-- INFORMATION SHOWN --

[Start of Attachment]

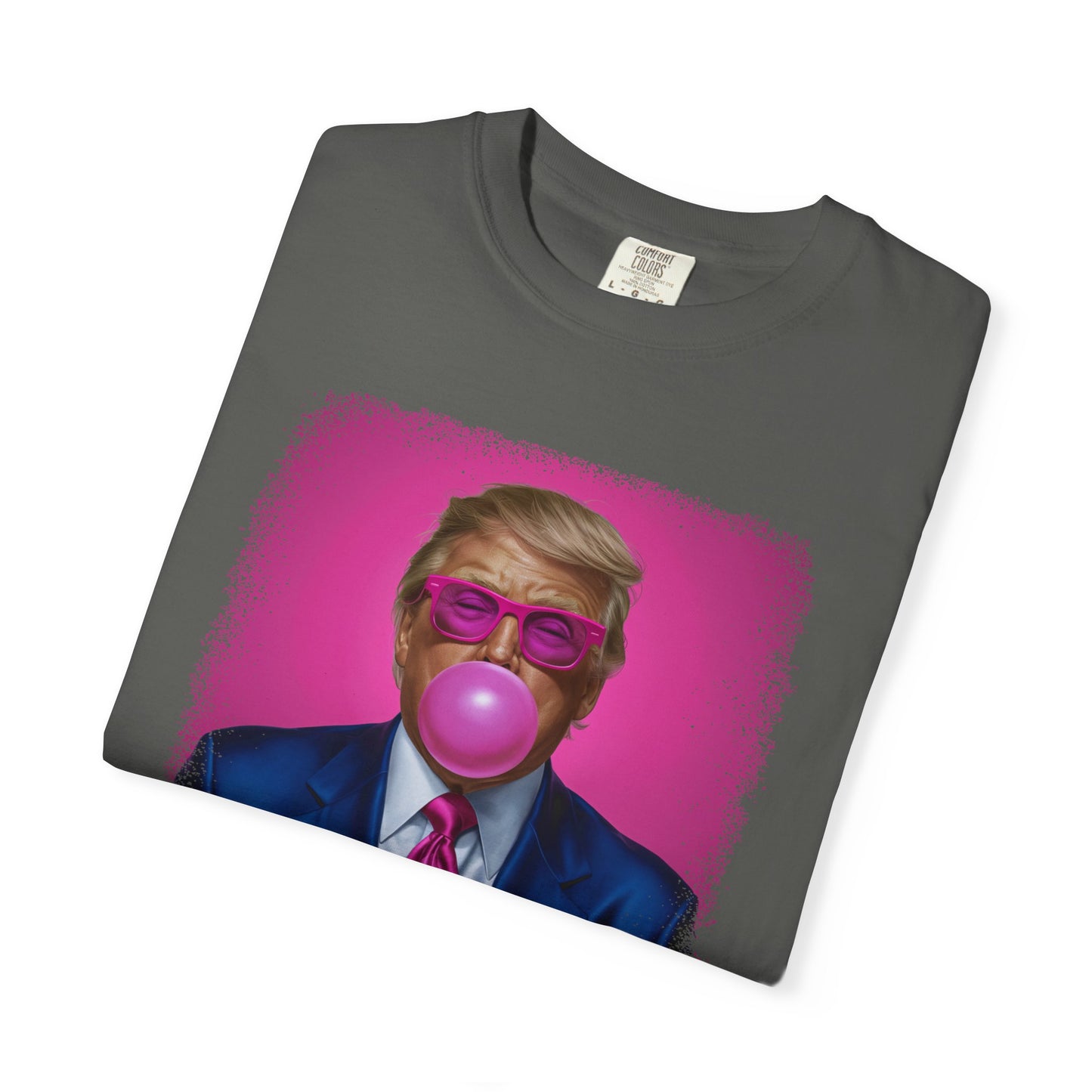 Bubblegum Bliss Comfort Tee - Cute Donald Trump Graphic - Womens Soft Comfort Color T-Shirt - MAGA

[End of Attachment]
[Start of Attachment]

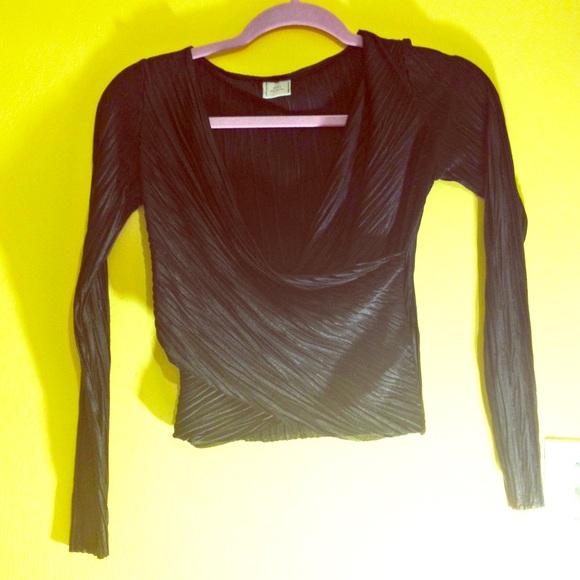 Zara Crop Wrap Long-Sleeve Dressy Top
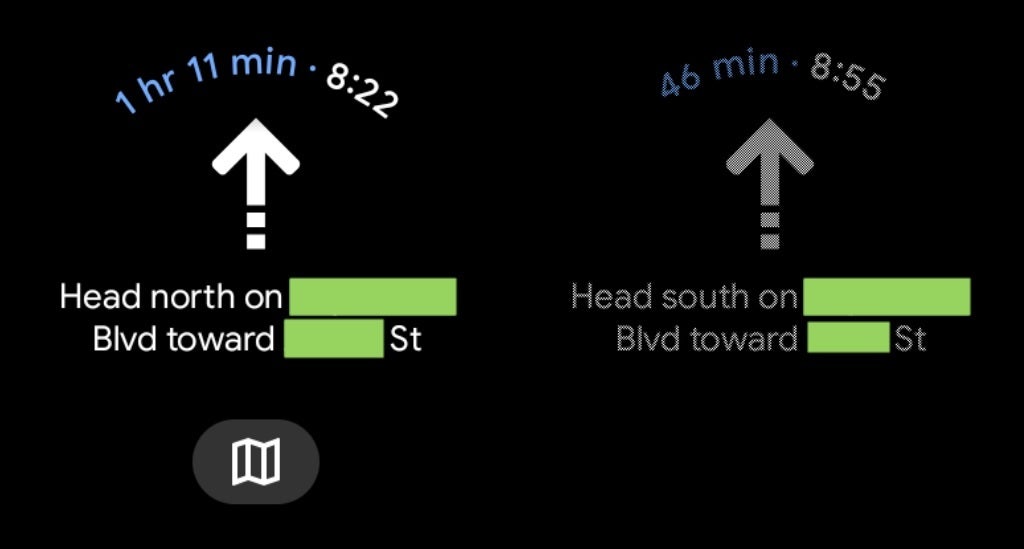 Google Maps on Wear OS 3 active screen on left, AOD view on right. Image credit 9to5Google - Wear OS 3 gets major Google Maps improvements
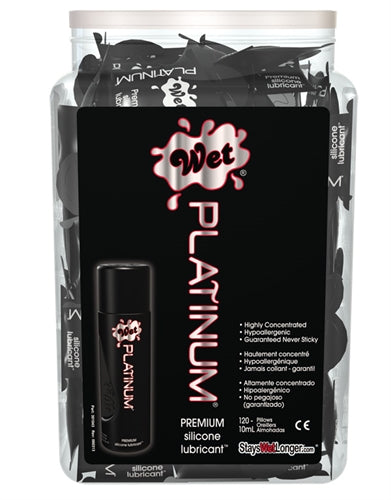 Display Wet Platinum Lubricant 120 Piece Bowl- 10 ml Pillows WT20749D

[End of Attachment]

-- PROBLEM DESCRIPTION --
From the records above, copy only the lines running from the line holding "Zara Crop Wrap Long-Sleeve Dressy Top" through the line holding "Display Wet Platinum", with no pictures.

-- WRITTEN ANSWER --
 Zara Crop Wrap Long-Sleeve Dressy Top
 Google Maps on Wear OS 3 active screen on left, AOD view on right. Image credit 9to5Google - Wear OS 3 gets major Google Maps improvements
 Display Wet Platinum Lubricant 120 Piece Bowl- 10 ml Pillows WT20749D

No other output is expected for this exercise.